Task description
Beginning with the line that contains "Grilo rosa: britânico", return every line down to the last one in the material below, exactly and with no others.

Material shown
<<<<
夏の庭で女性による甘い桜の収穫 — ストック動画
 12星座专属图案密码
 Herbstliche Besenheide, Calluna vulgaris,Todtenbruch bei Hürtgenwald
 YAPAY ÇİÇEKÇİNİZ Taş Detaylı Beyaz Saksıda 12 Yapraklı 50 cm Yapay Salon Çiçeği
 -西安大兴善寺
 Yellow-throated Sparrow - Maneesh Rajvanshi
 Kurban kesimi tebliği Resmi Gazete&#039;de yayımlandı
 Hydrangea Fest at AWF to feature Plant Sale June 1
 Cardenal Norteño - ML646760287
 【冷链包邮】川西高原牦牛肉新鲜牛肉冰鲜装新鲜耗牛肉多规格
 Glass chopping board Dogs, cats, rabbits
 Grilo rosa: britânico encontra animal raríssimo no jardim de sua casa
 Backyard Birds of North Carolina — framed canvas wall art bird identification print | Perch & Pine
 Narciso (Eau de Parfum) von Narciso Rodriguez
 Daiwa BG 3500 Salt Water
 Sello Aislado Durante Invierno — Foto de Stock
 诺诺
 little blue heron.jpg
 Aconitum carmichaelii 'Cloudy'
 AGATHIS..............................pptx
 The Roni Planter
>>>>
Written solution
 Grilo rosa: britânico encontra animal raríssimo no jardim de sua casa
 Backyard Birds of North Carolina — framed canvas wall art bird identification print | Perch & Pine
 Narciso (Eau de Parfum) von Narciso Rodriguez
 Daiwa BG 3500 Salt Water
 Sello Aislado Durante Invierno — Foto de Stock
 诺诺
 little blue heron.jpg
 Aconitum carmichaelii 'Cloudy'
 AGATHIS..............................pptx
 The Roni Planter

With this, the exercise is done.